### Material supplied:
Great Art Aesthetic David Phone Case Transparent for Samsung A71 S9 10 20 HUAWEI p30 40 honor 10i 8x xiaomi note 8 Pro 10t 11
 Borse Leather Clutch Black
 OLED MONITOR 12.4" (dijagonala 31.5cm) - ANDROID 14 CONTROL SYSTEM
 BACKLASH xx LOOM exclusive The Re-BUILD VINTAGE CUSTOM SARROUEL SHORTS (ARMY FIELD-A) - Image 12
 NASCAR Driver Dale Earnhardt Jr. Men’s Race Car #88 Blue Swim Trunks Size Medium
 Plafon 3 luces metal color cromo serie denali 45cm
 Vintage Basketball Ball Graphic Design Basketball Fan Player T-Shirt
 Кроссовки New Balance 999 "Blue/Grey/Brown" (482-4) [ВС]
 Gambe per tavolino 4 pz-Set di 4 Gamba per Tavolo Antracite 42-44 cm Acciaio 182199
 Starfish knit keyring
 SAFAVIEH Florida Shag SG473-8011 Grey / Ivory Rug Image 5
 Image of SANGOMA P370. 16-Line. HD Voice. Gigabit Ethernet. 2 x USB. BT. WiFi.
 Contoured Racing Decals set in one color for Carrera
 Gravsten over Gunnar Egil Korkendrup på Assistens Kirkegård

### Exercise aim:
Copy each line of the data exactly, please.

### Output below:
Great Art Aesthetic David Phone Case Transparent for Samsung A71 S9 10 20 HUAWEI p30 40 honor 10i 8x xiaomi note 8 Pro 10t 11
 Borse Leather Clutch Black
 OLED MONITOR 12.4" (dijagonala 31.5cm) - ANDROID 14 CONTROL SYSTEM
 BACKLASH xx LOOM exclusive The Re-BUILD VINTAGE CUSTOM SARROUEL SHORTS (ARMY FIELD-A) - Image 12
 NASCAR Driver Dale Earnhardt Jr. Men’s Race Car #88 Blue Swim Trunks Size Medium
 Plafon 3 luces metal color cromo serie denali 45cm
 Vintage Basketball Ball Graphic Design Basketball Fan Player T-Shirt
 Кроссовки New Balance 999 "Blue/Grey/Brown" (482-4) [ВС]
 Gambe per tavolino 4 pz-Set di 4 Gamba per Tavolo Antracite 42-44 cm Acciaio 182199
 Starfish knit keyring
 SAFAVIEH Florida Shag SG473-8011 Grey / Ivory Rug Image 5
 Image of SANGOMA P370. 16-Line. HD Voice. Gigabit Ethernet. 2 x USB. BT. WiFi.
 Contoured Racing Decals set in one color for Carrera
 Gravsten over Gunnar Egil Korkendrup på Assistens Kirkegård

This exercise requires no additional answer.